Sean Christopherson <[email protected]> writes:

> On Mon, Aug 23, 2021, Alexander Shishkin wrote:
>
>> Signed-off-by: Alexander Shishkin <[email protected]>
>> Fixes: ff9d07a0e7ce7 ("KVM: Implement perf callbacks for guest sampling")
>
> This should be another clue that the fix isn't correct.
> That patch is from 2010,

Right, this should have been 8479e04e7d6b1 ("KVM: x86: Inject PMI for
KVM guest") instead.

> Intel PT was announced in 2013 and merged in 2019.

Technically, 2019 is when kvm started breaking host PT.

> This is not remotely correct. vmx.c's "pt_mode", which is queried via this path,
> is modified by hardware_setup(), a.k.a. kvm_x86_ops.hardware_setup(), which runs
> _after_ this code. And as alluded to above, these are generic perf callbacks,
> installing them if and only if Intel PT is enabled in a specific mode completely
> breaks "regular" perf.

I see your point, the callchain code will catch fire.

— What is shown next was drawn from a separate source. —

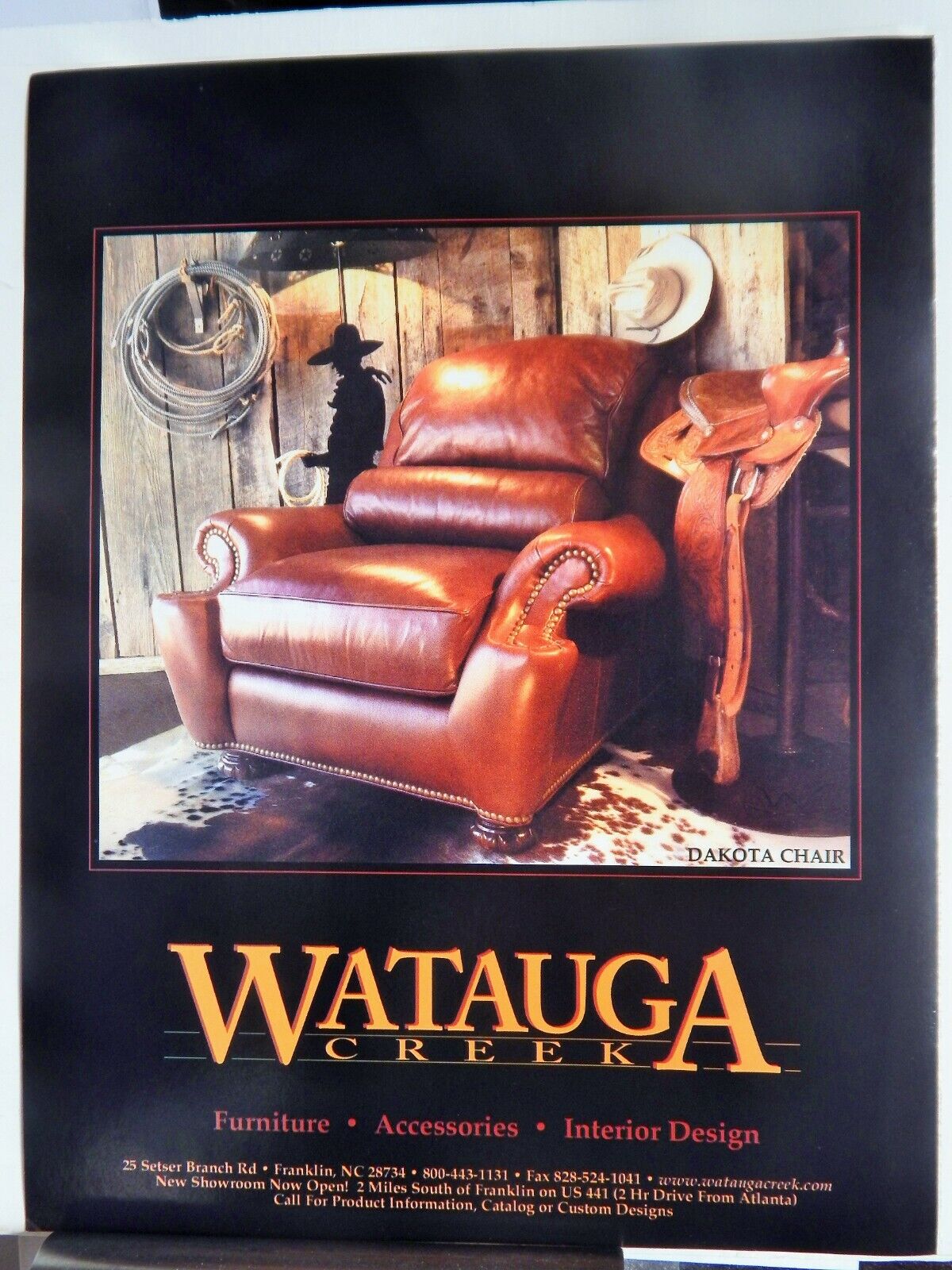 WATAUGA CREEK FURNITURE / DOUBLE-D HOME COLLECTION  VTG 2000 ADVERTISEMENT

> I'll post a small series, there's a bit of code massage needed to fix this
> properly. The PMI handler can also be optimized to avoid a retpoline when PT is
> not exposed to the guest.

The actual PMU handler also needs to know that kvm won't be needing it
so it can call the regular PT handler.

One could unset cbs->handle_intel_pt_intr() or one could have it return
different things depending on whether it was actually taken in kvm. But
both are rather disgusting.

Regards,
--
Alex